Chicago celebrated the opportunity to host the NBA All-Star Game for the first time in three decades by relegating its beloved hometown franchise to a punchline. In an All-Star Weekend built up as a love letter to the city’s deep basketball culture, the Chicago Bulls were barely within eyesight. The team’s presence in the festivities was limited to Zach LaVine’s early exit in the three-point contest. They barely even got a mention out of Common in his terrific pregame intros.
Instead, the Bulls’ most memorable moment from the weekend came when LaVine’s ESPN interview was interrupted by fans chanting ‘fire GarPax’ on live TV, referencing the team’s long-tenured management combination of John Paxson and Gar Forman. It hit another level when Scottie Pippen — who holds an official title as a Bulls ambassador — said he didn’t know half the players on the current team. In private conversations with people around the league about the state of the franchise over All-Star Weekend, one sentiment kept getting repeated: The Bulls are lucky the Knicks exist.
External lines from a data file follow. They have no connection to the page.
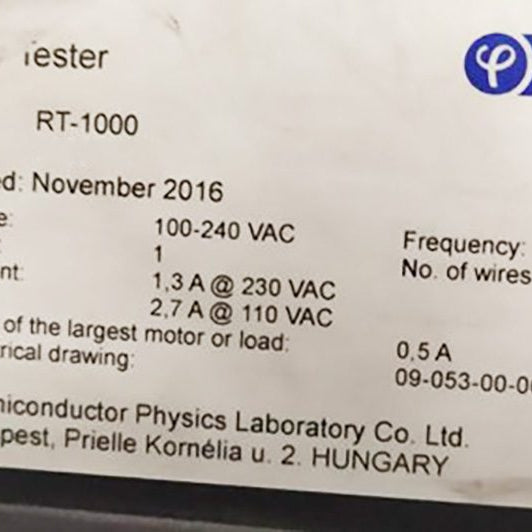 Semilab RT 1000 Electrical Resistivity Measurement Device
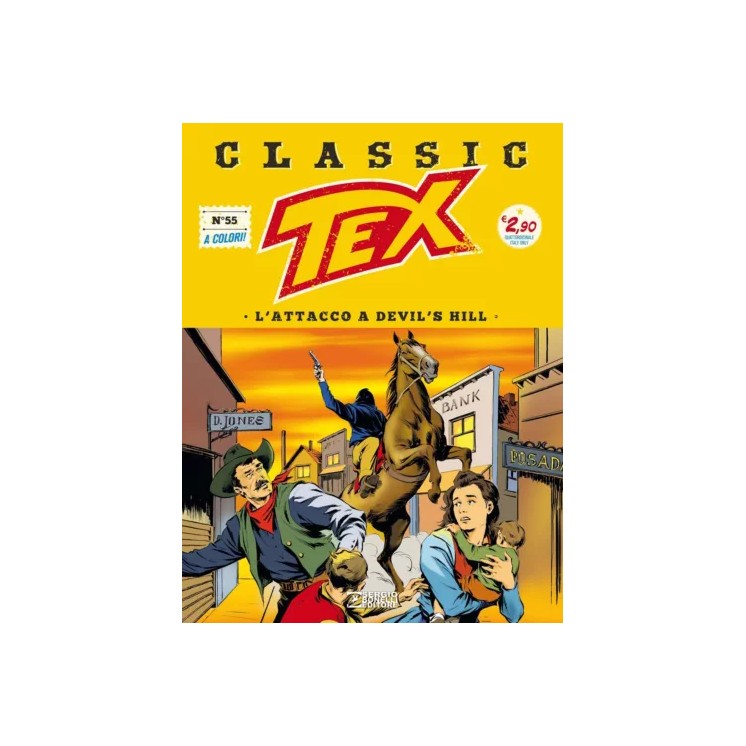 Classic Tex  55 a colori l'attacco a devil's hill di Bonelli USATO ed. Bonelli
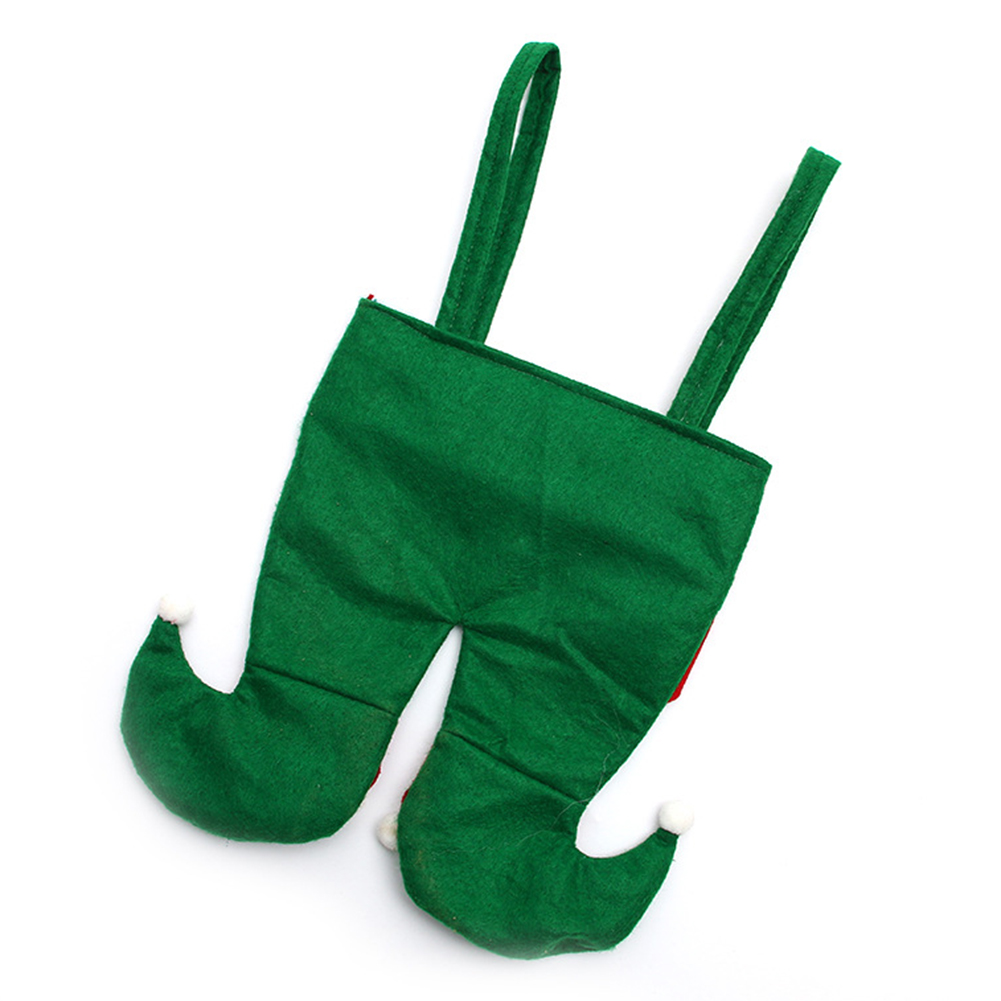 

Christmas Elf Candy Bags Velvet Santa Claus Pants Bags Festival Party Decor, 501 Original
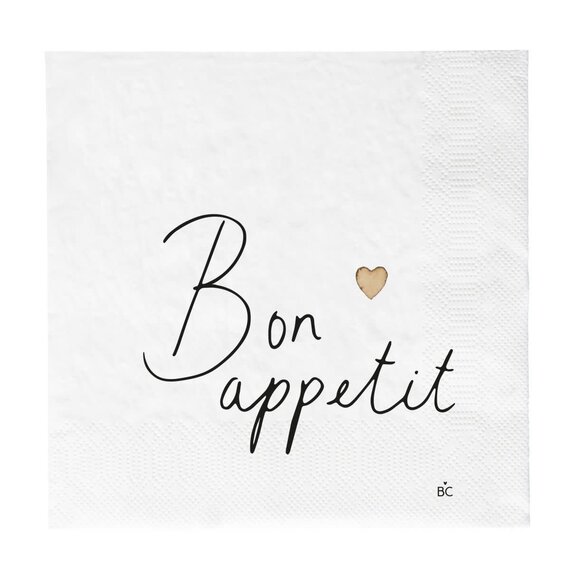 Servietten Bon Appetit 20 Stück 16,5 x 16,5 cm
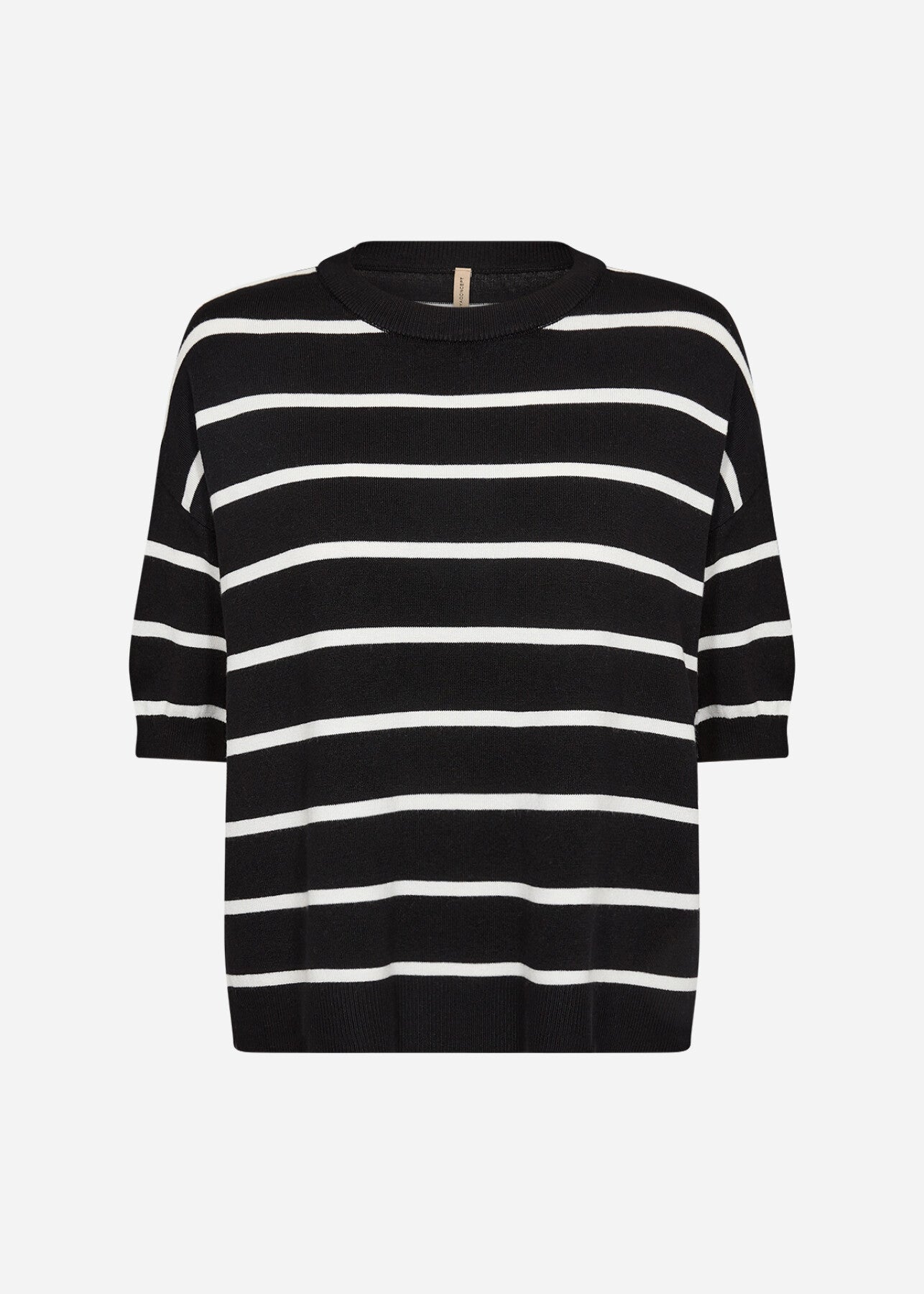 SC-DOLLIE STRIPE 794 Trui Zwart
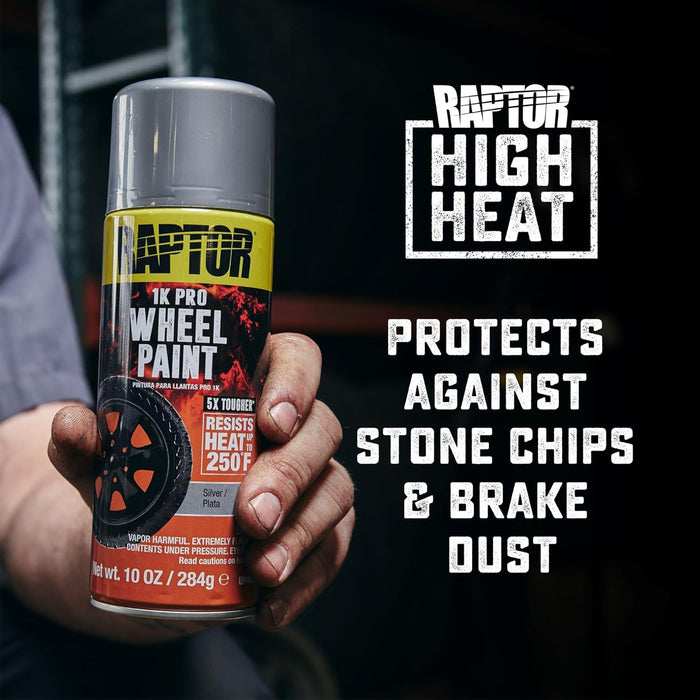 Wheel Paint Spray, Repair & Extend Wheels, Professional Grade & Extra Tough, Silver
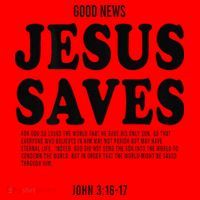 Aesthetic Jesus Christian Bible Verse  Jesus Saves Back Santa Hat thumb 1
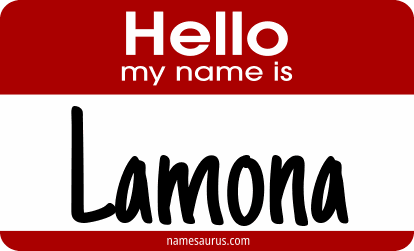 Hello my name is Lamona png download
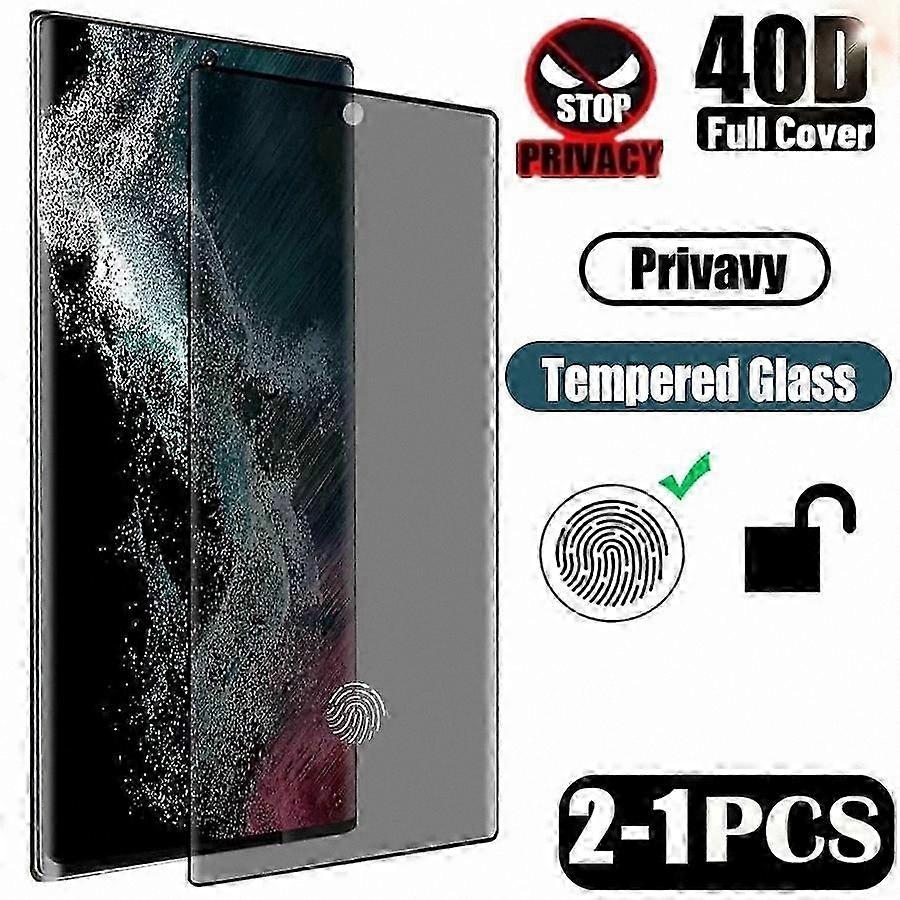 Anti-Spy Tempered Glass Screen Protector for Multiple Phone Models with Fingerprint Unlock Compatibility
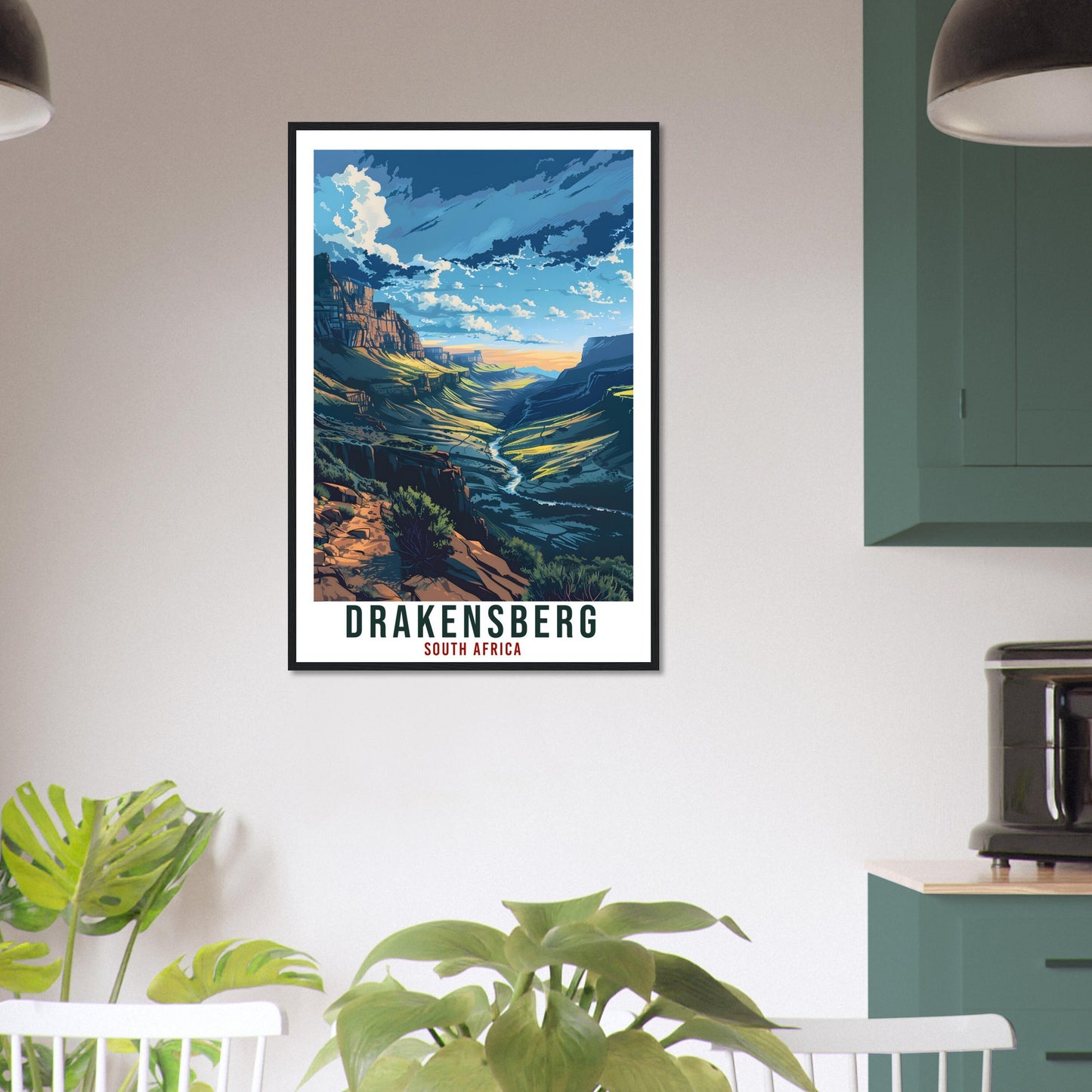 Drakensberg South Africa Travel Print Wall Art Wall Hanging Home Décor Drakensberg Gift Art Lovers Artwork Gift Print South African Poster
Perhaps it was no coincidence the team leaked a rare piece of housekeeping news to reporters just before Sunday’s game tipped off. The Bulls are in the market for an “empowered basketball voice” that would hold the title of GM at the end of another disappointing season. No, Paxson and Forman aren’t going anywhere: Paxson would retain a say in personnel matters, while Forman would continue the transition he’s made into scouting.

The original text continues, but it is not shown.